**EXERCISE DIRECTIONS**.
Everything in the listing below should be repeated verbatim, apart from the pictures.

++++ DATA EXCERPT ++++

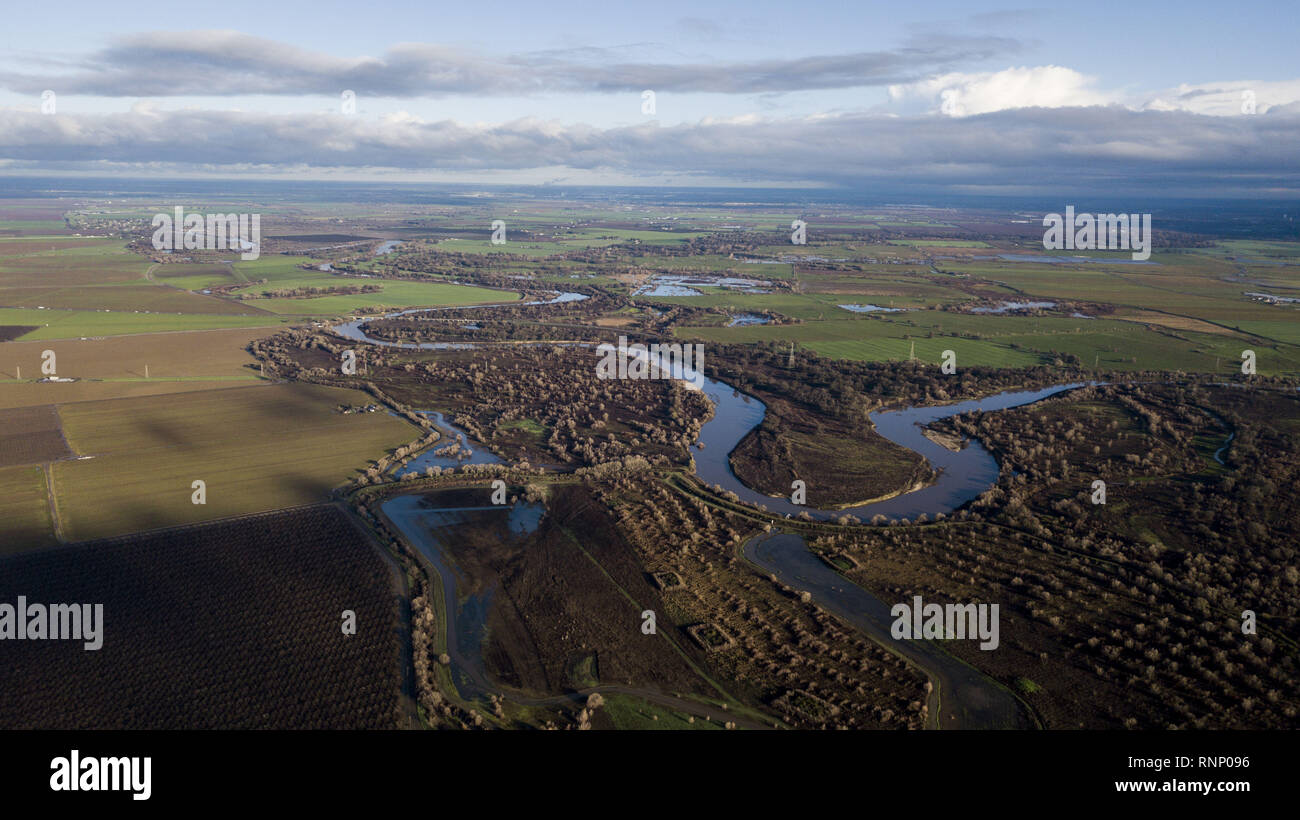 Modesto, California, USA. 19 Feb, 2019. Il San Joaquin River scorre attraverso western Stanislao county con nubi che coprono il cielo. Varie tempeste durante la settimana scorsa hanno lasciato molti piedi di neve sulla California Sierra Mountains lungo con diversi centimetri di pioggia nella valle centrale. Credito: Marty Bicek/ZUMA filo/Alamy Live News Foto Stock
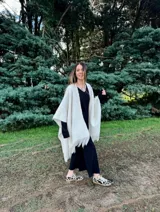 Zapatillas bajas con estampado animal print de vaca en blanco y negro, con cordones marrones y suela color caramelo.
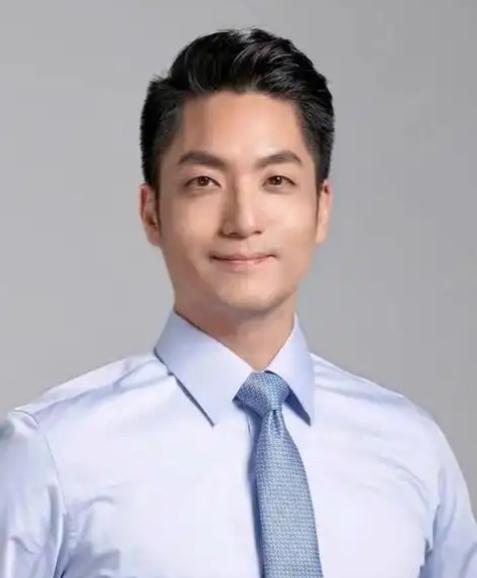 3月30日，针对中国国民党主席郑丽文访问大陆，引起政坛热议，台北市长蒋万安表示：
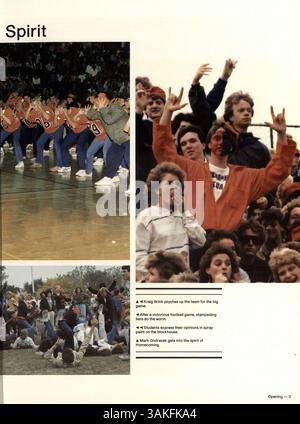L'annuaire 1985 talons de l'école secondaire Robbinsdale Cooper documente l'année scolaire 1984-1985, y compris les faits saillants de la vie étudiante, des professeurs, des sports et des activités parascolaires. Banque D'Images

++++

**SOLUTION TO THE EXERCISE**.
 Modesto, California, USA. 19 Feb, 2019. Il San Joaquin River scorre attraverso western Stanislao county con nubi che coprono il cielo. Varie tempeste durante la settimana scorsa hanno lasciato molti piedi di neve sulla California Sierra Mountains lungo con diversi centimetri di pioggia nella valle centrale. Credito: Marty Bicek/ZUMA filo/Alamy Live News Foto Stock
 Zapatillas bajas con estampado animal print de vaca en blanco y negro, con cordones marrones y suela color caramelo.
 3月30日，针对中国国民党主席郑丽文访问大陆，引起政坛热议，台北市长蒋万安表示：
L'annuaire 1985 talons de l'école secondaire Robbinsdale Cooper documente l'année scolaire 1984-1985, y compris les faits saillants de la vie étudiante, des professeurs, des sports et des activités parascolaires. Banque D'Images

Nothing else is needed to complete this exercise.